▼▼▼
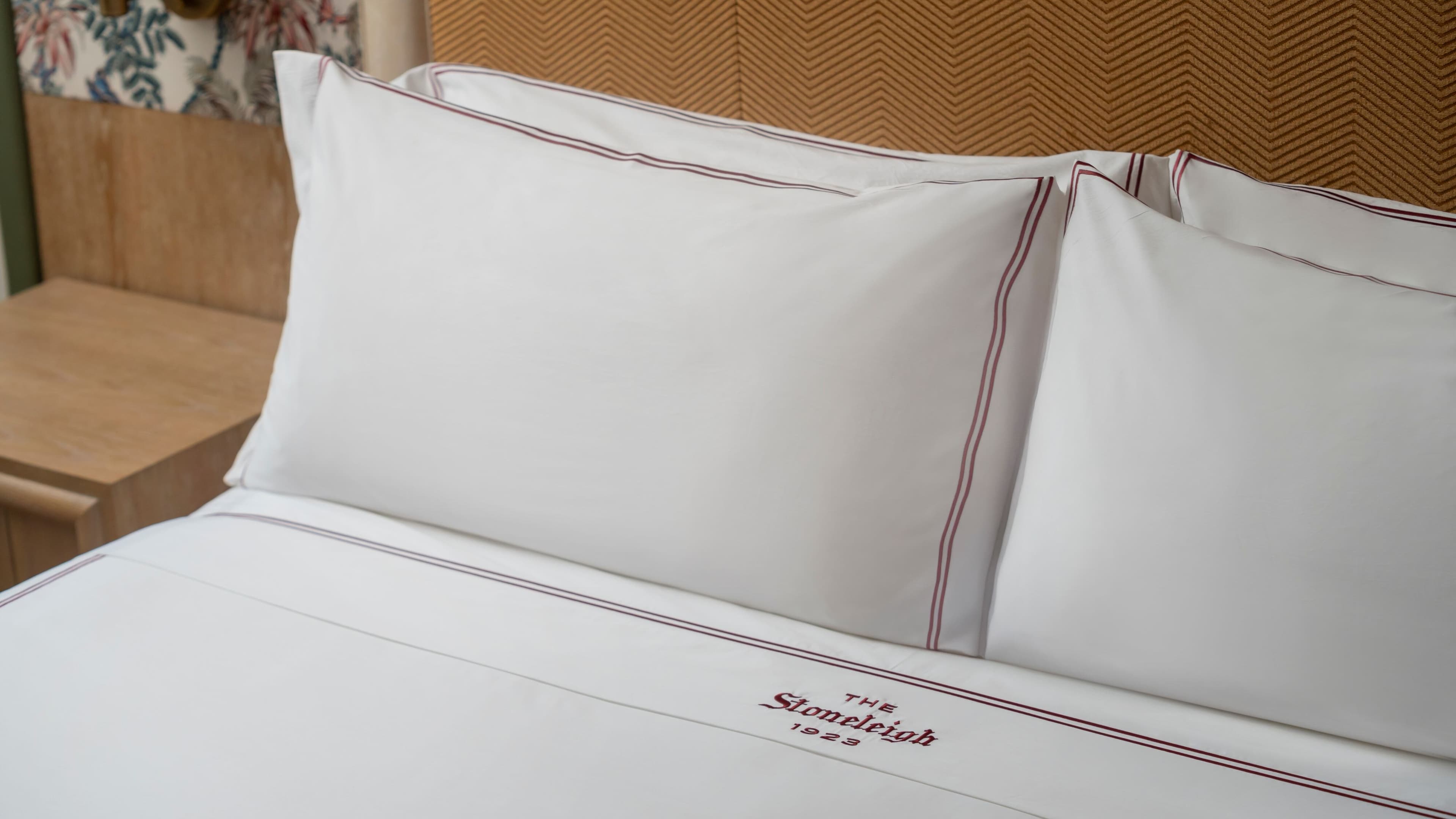 Newly Renovated Deluxe - Image 5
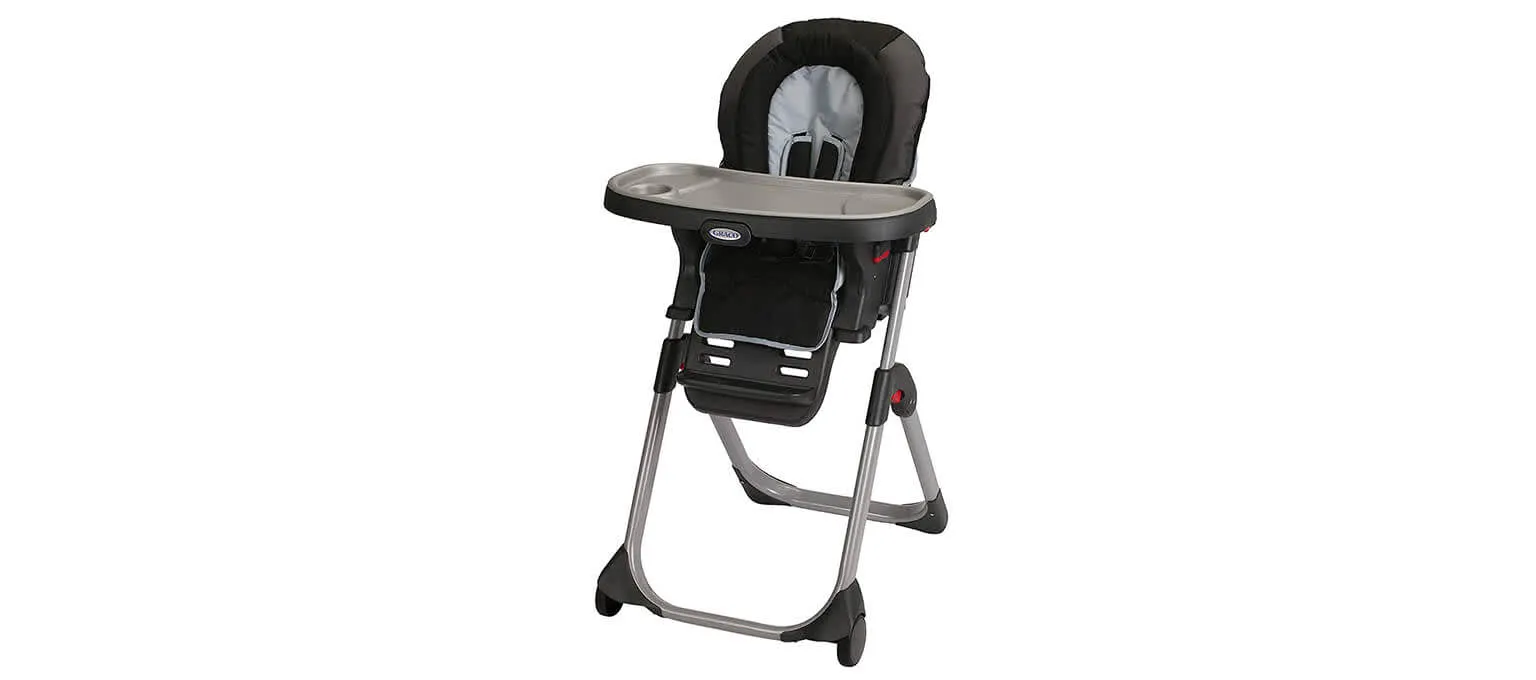 Graco DuoDiner LX Baby High Chair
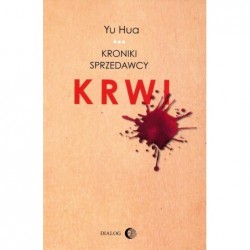 Kroniki sprzedawcy krwi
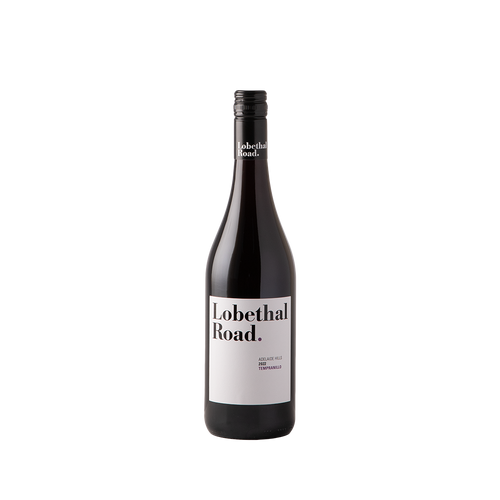 Lobethal Road Tempranillo 2022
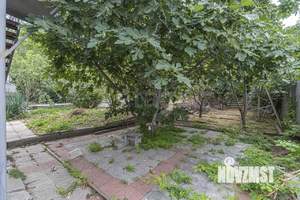 Дом 65м², 2-этажный, участок 6 сот.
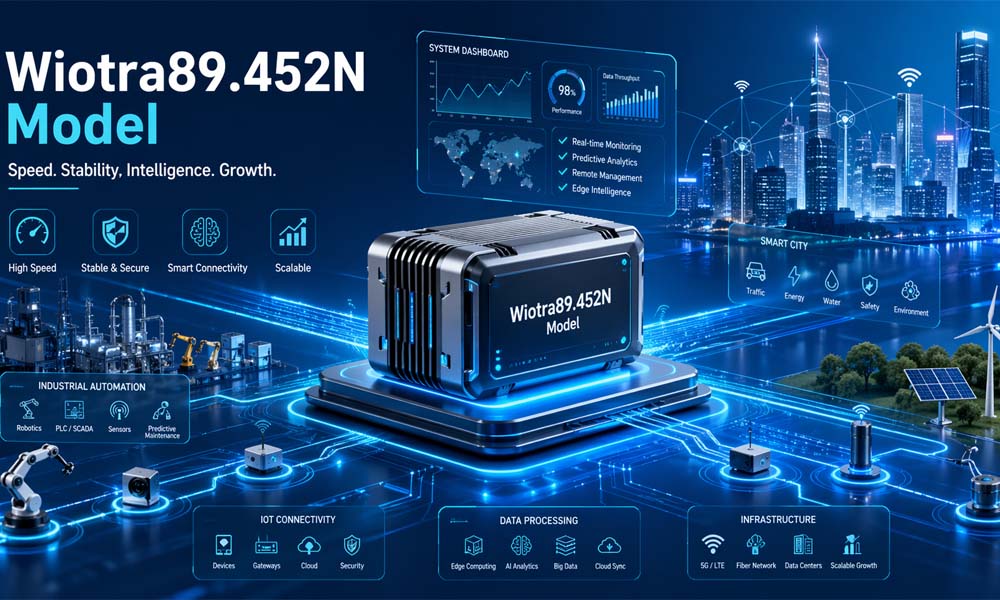 Wiotra89.452n Model Explained: Features & Uses SEO Tips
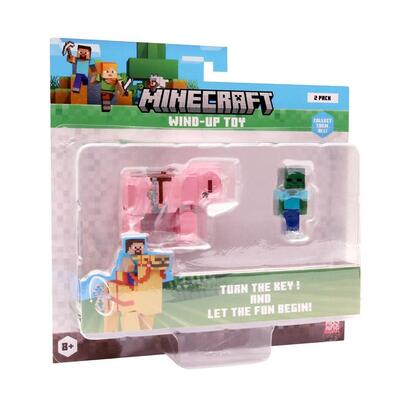 minecraft-s2-3d-wind-up-toy-baby-zombie-pig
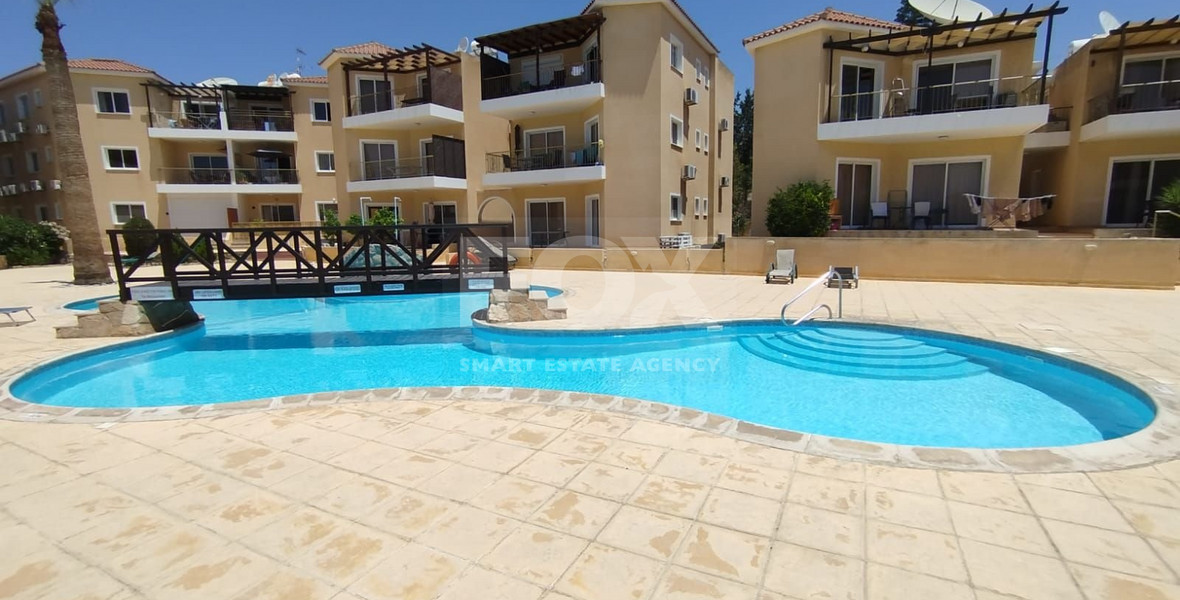 For Rent: One Bedroom Ground Floor Furnished Apartment in Universal Area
▲▲▲
Problem details ::
Transcribe every line from the one containing "Lobethal Road Tempranillo 2022" to the end of the listing, exactly and exclusively. Do not carry any picture over.

Answer for this exercise ::
 Lobethal Road Tempranillo 2022
 Дом 65м², 2-этажный, участок 6 сот.
 Wiotra89.452n Model Explained: Features & Uses SEO Tips
 minecraft-s2-3d-wind-up-toy-baby-zombie-pig
 For Rent: One Bedroom Ground Floor Furnished Apartment in Universal Area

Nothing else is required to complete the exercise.